Ace Attorney est un film de Takashi Miike, sorti début 2012 au Japon et, par chance, projeté lors du Festival Kinotayo en France. C’est l’adaptation d’un jeu vidéo édité par Capcom, sorti sur Game Boy Advance au début des années 2000, au Japon uniquement, puis en 2006 en France et ailleurs, par le biais de remakes sur DS.


Il est aisé de se rendre compte, après quelques films, qu’une adaptation de jeu vidéo au cinéma est souvent synonyme d’une œuvre plus ou moins bien ratée, à l’exception de certaines tentatives. Citons dans le désordre le délirant et très punk Postal de Uwe Boll (qui règle ses soucis avec les critiques sur un ring), l’ambiance cauchemardesque de Silent Hill (Christophe Gans), les nanardesques House of the Dead et Alone in the Dark (Uwe Boll encore), Doom (Andrzej Bartkowiak), Super Marios Bros (Rocky Morton), Mortal Kombat (Paul W.S Anderson, par ailleurs coupable des adaptations de Resident Evil)…

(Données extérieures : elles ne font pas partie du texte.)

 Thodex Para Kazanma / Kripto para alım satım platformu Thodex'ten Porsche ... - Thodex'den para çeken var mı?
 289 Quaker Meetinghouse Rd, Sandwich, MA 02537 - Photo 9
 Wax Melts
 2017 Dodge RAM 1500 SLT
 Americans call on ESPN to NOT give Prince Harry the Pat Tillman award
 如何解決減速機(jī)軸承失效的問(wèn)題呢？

Ces quelques films (je garde tout de même un excellent souvenir de Postal) illustrent ce qui arrive généralement lorsqu’un jeu passe du PC ou de la console à l’écran de cinéma : des transpositions plus que bancales de l’univers du jeu, qui deviennent ainsi complètement risibles (les Resident Evil vont, à ce titre, très très loin dans le ridicule), des scenarii n’ayant souvent ni queue ni tête, des costumes débiles et outrageants pour les fans… L’entreprise de Miike d’adapter Ace Attorney était donc risquée, peut-être regardée d’un mauvais œil par les fans du jeu qui ne connaissent pas forcément le réalisateur.

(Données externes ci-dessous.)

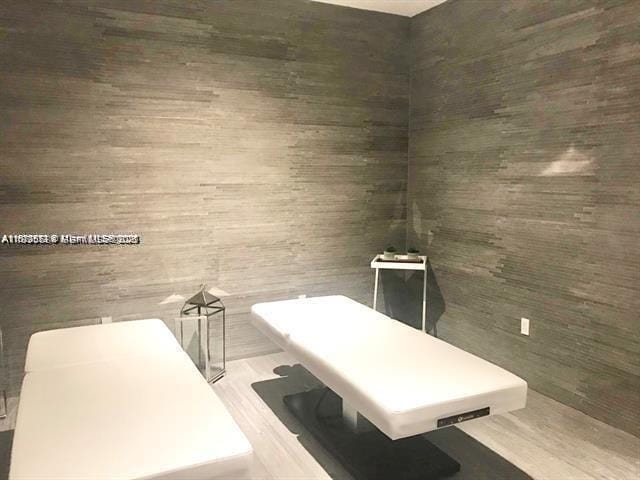 45 SW 9th Street 3009, Miami, FL 33130 photo 22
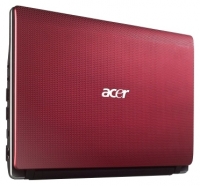 Acer ASPIRE 5750G-2434G64Mnrr (Core i5 2430M 2400 Mhz/15.6"/1366x768/4096Mb/640Gb/DVD-RW/Wi-Fi/Win 7 HB) photo, Acer ASPIRE 5750G-2434G64Mnrr (Core i5 2430M 2400 Mhz/15.6"/1366x768/4096Mb/640Gb/DVD-RW/Wi-Fi/Win 7 HB) photos, Acer ASPIRE 5750G-2434G64Mnrr (Core i5 2430M 2400 Mhz/15.6"/1366x768/4096Mb/640Gb/DVD-RW/Wi-Fi/Win 7 HB) immagine, Acer ASPIRE 5750G-2434G64Mnrr (Core i5 2430M 2400 Mhz/15.6"/1366x768/4096Mb/640Gb/DVD-RW/Wi-Fi/Win 7 HB) immagini, Acer foto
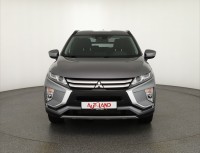 Mitsubishi Eclipse Cross 1.5 T-MIVEC CVT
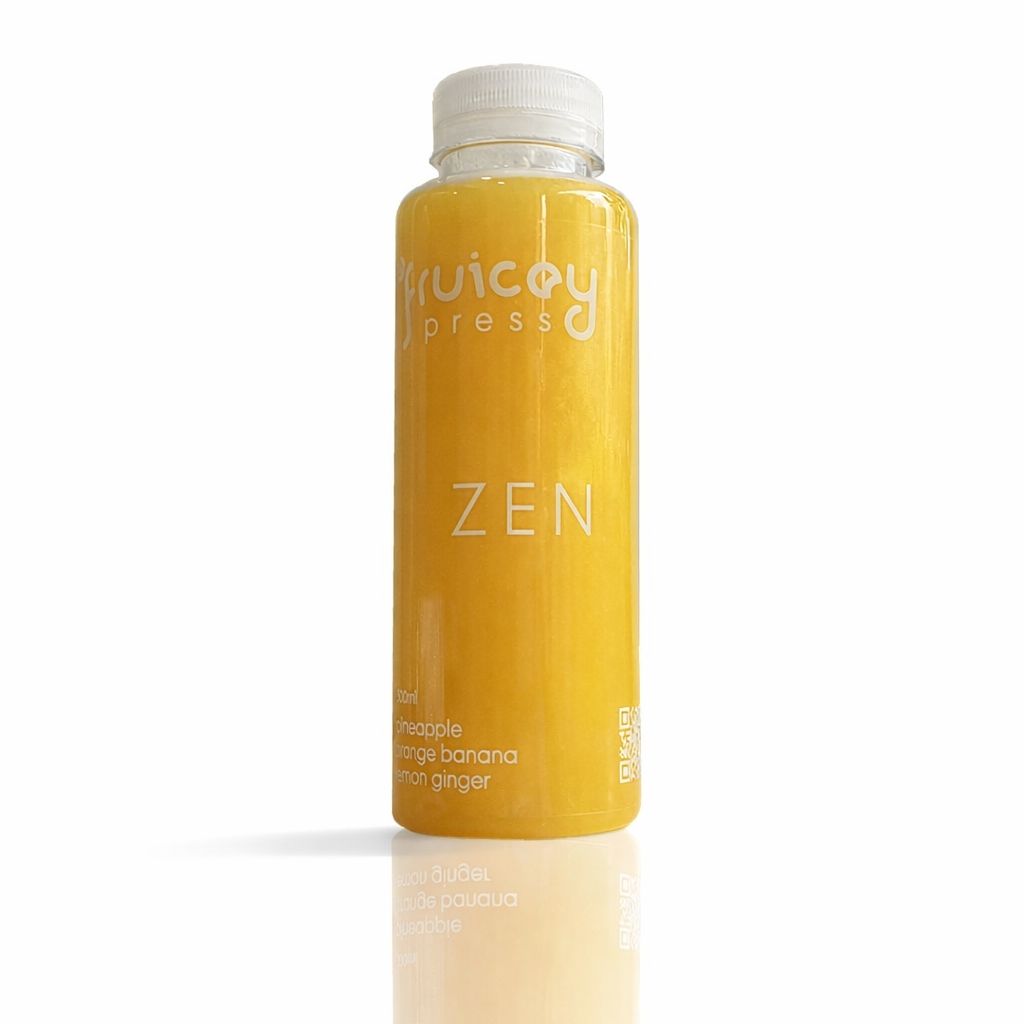ZEN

Risquée notamment parce qu’Ace Attorney possède des mécaniques bien spéciales. C’est un jeu de réflexion, dans lequel on incarne un personnage, l’avocat Phoenix Wright, que nous devons accompagner le long de quelques affaires qui composent l’histoire. Le jeu est découpé en séquences d’enquêtes, puis vient le jugement, probablement la partie la plus connue avec ses « Hikigari ! » (Objection !). Le but étant de prouver l’innocence de son client, face à un procureur, en faisant intervenir tour à tour témoins à la barre (souvent complètement loufoques) et preuves afin d’arriver à nos fins, et éviter celle de notre client.


L’ensemble du débat est arbitré par un juge, qui n’hésitera pas à condamner l’accusé si notre jugeote ne nous permet pas d’amener au bon moment la bonne preuve ou le bon témoin. De plus, le juge peut nous demander des détails précis sur les preuves. Il faut donc bien réfléchir avant de parler ! En somme : un vrai jeu vidéo, doté d’un gameplay qui lui est spécifique, et de prime abord difficilement imaginable au cinéma.


Petit aparté (celui de l’âme du joueur qui se réveille), sur ce qui semble être l’écueil principal des adaptations. Non que le cinéma soit de mauvaise volonté pour adapter les univers vidéoludiques. Mais ce qui ressort principalement, c’est qu’une licence est surtout adaptée pour se faire compresser toute sa moelle en espèces sonnantes et trébuchantes, dans un but mercantile, en faisant fi de ce qui compose l’univers propre du jeu. Ainsi, le monde maintenant fort popularisé du jeu vidéo (ce qui n’était pas encore le cas il y a quelques années), n’est qu’un prétexte à faire plus de blé, et non à dénicher les trouvailles artistiques, les mécaniques de jeu qu’il pourrait être intéressant de traduire au cinéma. Car pour ceux qui ne sont pas encore convaincus, le jeu vidéo recèle de productions dont les idées, les ambiances et les univers n’ont rien à envier au cinéma. Quoiqu’il en soit, Capcom, qui ne doit pas avoir intérêt à détruire l’aura d’une licence aussi fameuse que Phoenix Wright au Japon et en Occident, semble avoir trouvé la bonne personne avec Miike.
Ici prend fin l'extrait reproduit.